THE Cardiffian has been out and about to find out what Philip Hammond’s second budget means for the people of the Vale of Glamorgan.
The key points of the Chancellor’s speech were:
- Stamp duty abolished for first-time buyers on properties below £300,000.
- Devote £44 billion to constructing 300,000 homes per year by the mid-2020s.
- Rises in personal tax allowance (£11,850) and the higher rate threshold (£46,350).
- Freeze in alcohol duty, but a new tax on high-strength “white ciders”.
- Increased tax on diesel vehicles from April 2018.
- Removal of the seven day waiting period before Universal Credit payments.
To most commentators, the stand-out theme in the Budget was housing.
But Stuart Jones, who retired four years ago and now lives in Culverhouse Cross, does not believe it is an issue among Vale residents.

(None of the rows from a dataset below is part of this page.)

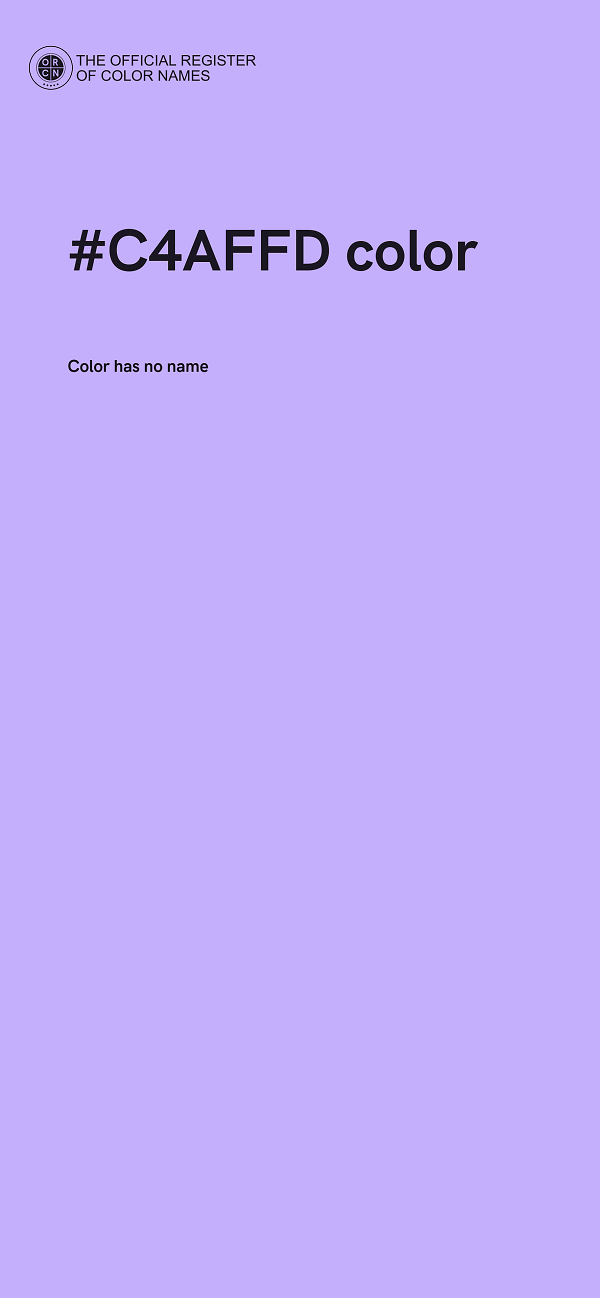 #C4AFFD color image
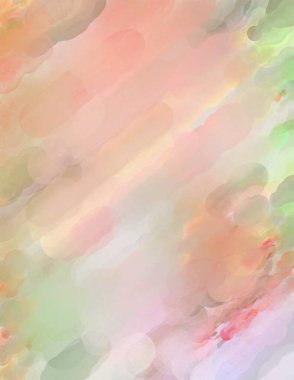 Pastel renklerde suluboya resim. Poster, duvar sanatı, afiş, kart, kitap kapağı ya da ambalaj için rahatlatıcı kompozisyonun yumuşak renkli çizimi. Modern fırça darbeleri resim.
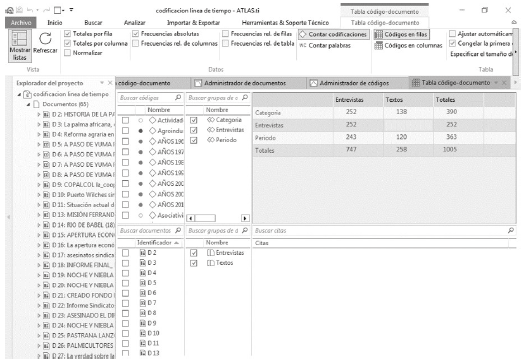 Interfaz de generacin de tablas cdigo-documento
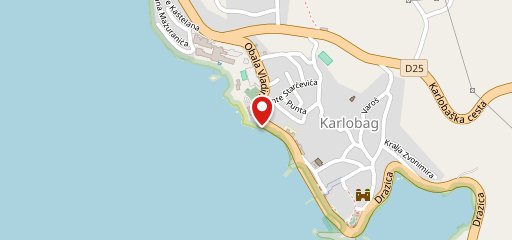 Fast Food "Baška Bura" sur la carte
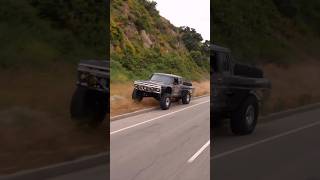 Trophy Truck goes OFFROAD on the Streets of LA #truck #offroad #crazy #drive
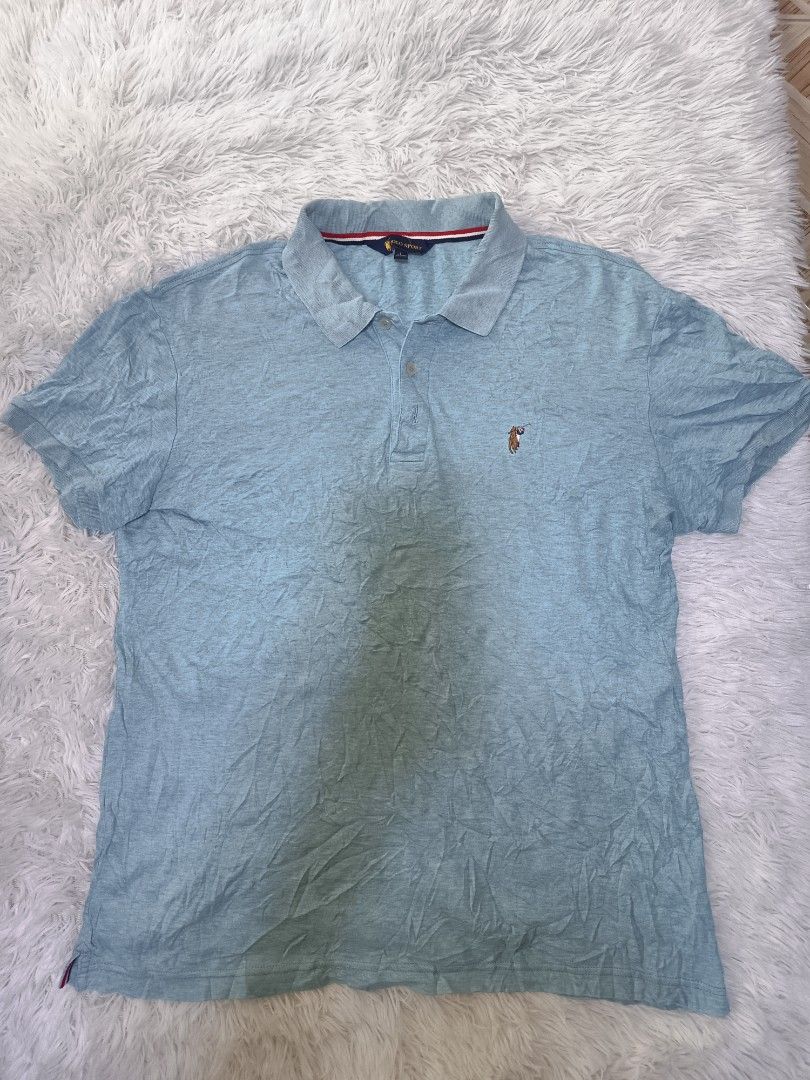 Polo Sport Shirt (Category: Tshirts & Polo Shirts ) located in Pasay City. Submitted by ODDXX (Listing ID 1465641754, Image 2). Description: Large on Tag Dimes 19 x 25 Issue Cut washed tag. Need wash! 365 free shipping thru j&t.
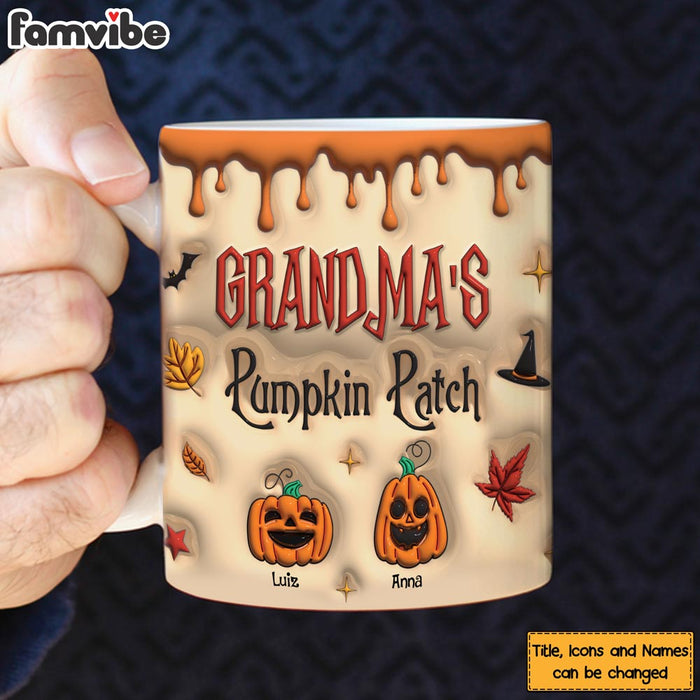 Personalized Gift For Grandma Autumn Pumpkin Patch Mug 34479 1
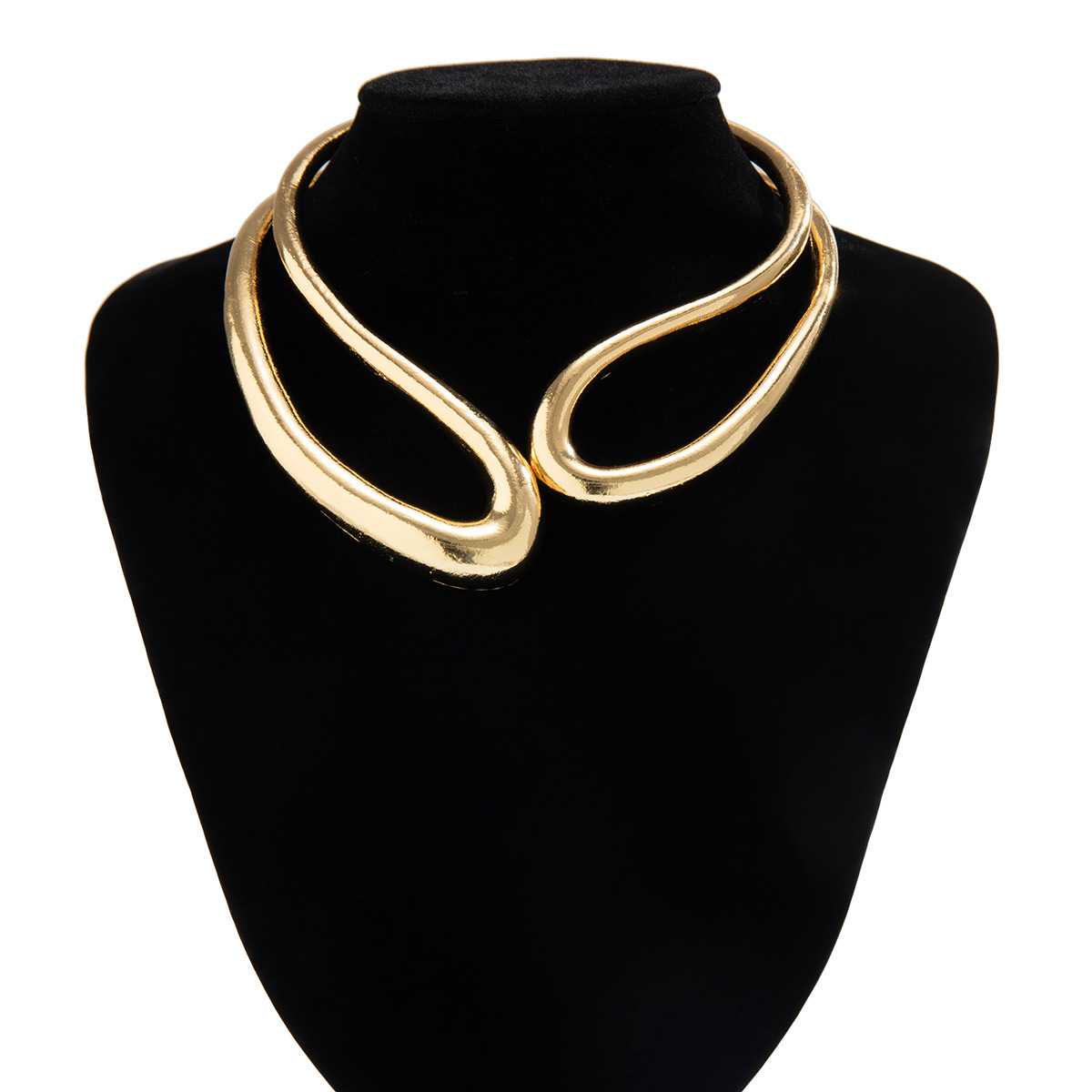 98g Weight Choker, Necklace, Jewelry Set Classification 1 Piece Quantity Daily, Tea Party Occasion Alloy, Metal Material Irregular, Geometric Pattern Women's Gender Retro, Exaggerated, Simple Style, Classic Style Style 1 Piece Irregular Geometric Choker Necklace Jewelry Set Alloy Metal Women's Retro Exaggerated Simple Style Choker Necklace Jewelry Set 8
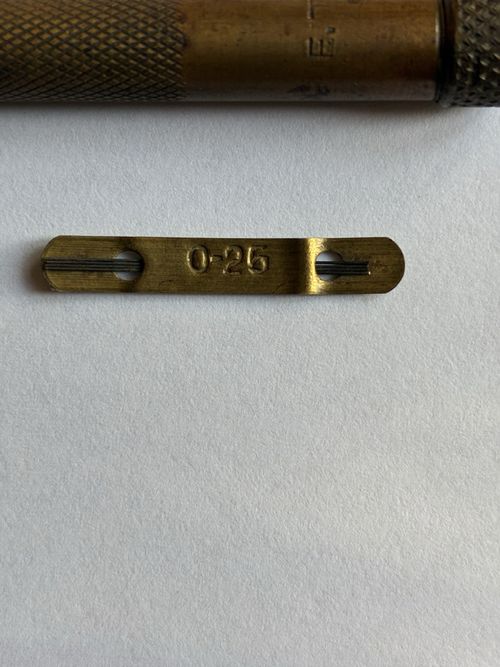 Vintage Brass Tool Pin Vice Hand Tool with Fine Gauge Needles Made In England — image 3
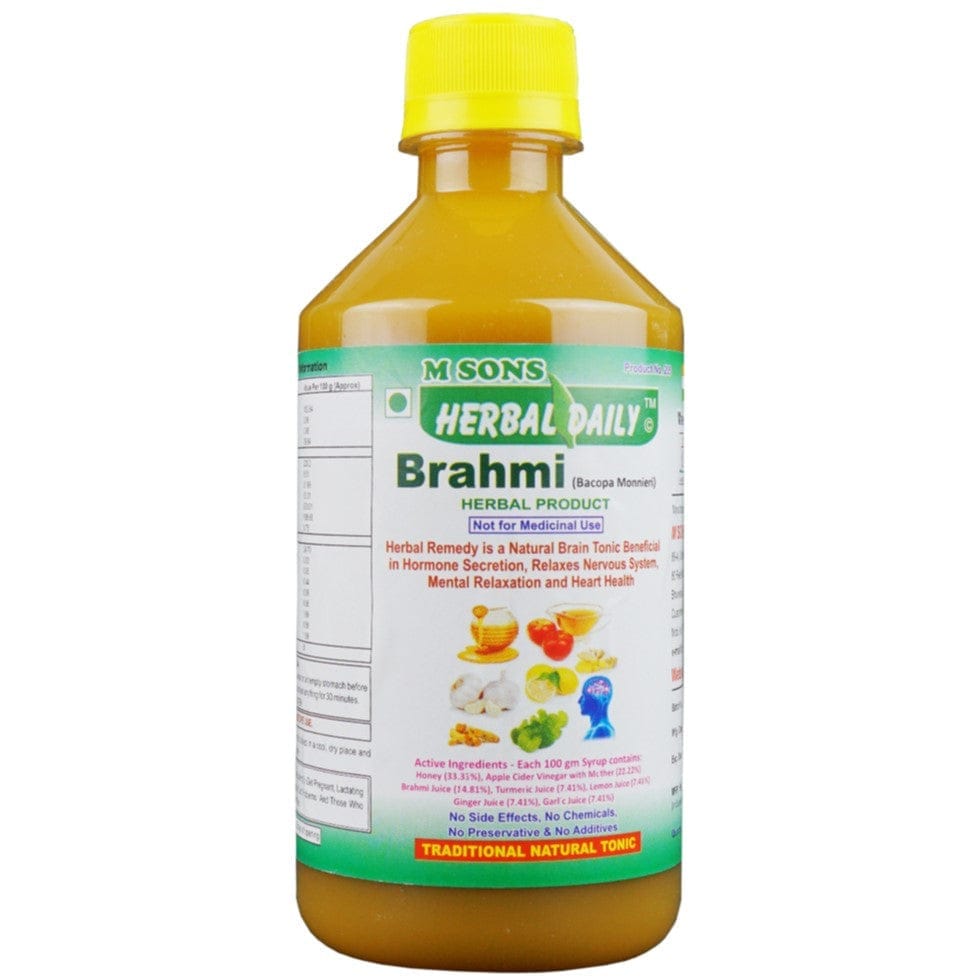 Herbal Daily Brahmi | Supports Nervous System And Neurological Function Boosts Nervous System 1 Bottle view 2
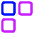 Dashboard Square Three Icon from Core Neon Set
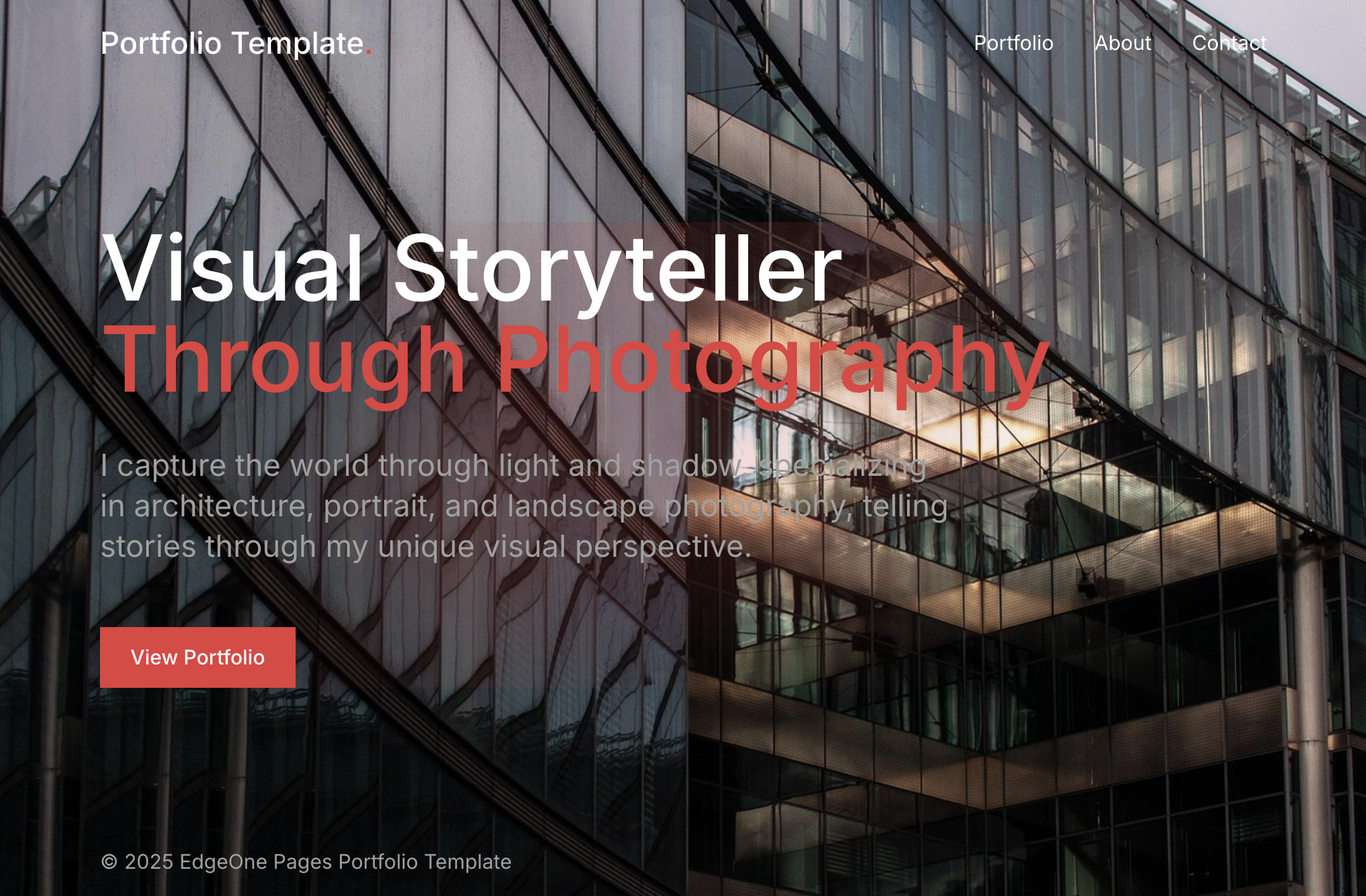 A portfolio templaye with Sanity.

“There’s all this talk of a ‘housing crisis’ in the papers. Does it seem like that across the Vale? Probably not,” he says.
In one sense, Mr Jones is correct. More than 60% of houses in the Vale are privately-owned, a figure in line with UK-wide trends.
What’s more, the number of empty houses in the Vale is among the lowest in Wales. In 2016, just 689 homes remained empty for more than six months.
According to the Office for National Statistics, Vale homeowners tend to be middle-aged or elderly. Mr Jones brought his house with money from his company pension account.
This trend informs Vale Council’s Aspire 2 Own initiative, the launch of which prefigured the Budget by a whole year.
In partnership with the Welsh Government and regional housing associations, the scheme allows young first-time buyers to purchase homes on a shared equity basis.
For instance, Danielle Lewis is only paying 70% of the mortgage on her house in St. Lythan’s Park, Wenvoe. The remaining 30% is covered by her housing association, United Welsh.
Ms Lewis, who is in her early 30s, is supportive of Aspire 2 Buy – not least, she says, “because I can now gain some independence, and move out of my parents’ home”.
The Welsh Government must decide whether to continue this policy when housing becomes a devolved issue in April, 2018.
In Barry, head barman Matthew Nicholas is busy changing barrels in the bar of The Ship. He feels strongly about the changes to the alcohol and fuel duties.
“This freeze on alcohol duty is essentially a stealth tax, as the new white cider levy will outstrip any savings from that. It’s what all the people in the industry are saying,” he asserts.
“And don’t even get me started on diesel. I drive a diesel. Before, you had all the politicians actively telling us how great diesels were. Now they want to tax them!”
An estimated 44% of vehicles in the Vale are diesel. That means 30,846 car owners like Mr Nicholas potentially in line for a tax hike.
On the other side of Barry, a stream of people trickle in and out of the job centre on Holton Road, yet the proportion of Barry and Vale residents claiming out-of-work benefits is lower than that for Cardiff and Wales.
One of those in the trickle is a woman coming to get Universal Credit. She does not want to be named, but recites at length the bureaucratic vagaries and delays that have become synonymous with the benefit nationally.
In the face of much condemnation from opposition politicians, the Chancellor has removed the enforced week-long waiting period.
“It’s not much when everything else – buying food and paying bills – is so hard, says the woman at the job centre.
Critics of the Westminster Government in Wales – including the Vale’s own Jane Hutt – have often accused it of divisively playing to “two nations”.
Looking at the impact of the Budget, it appears one can talk also of two Vales.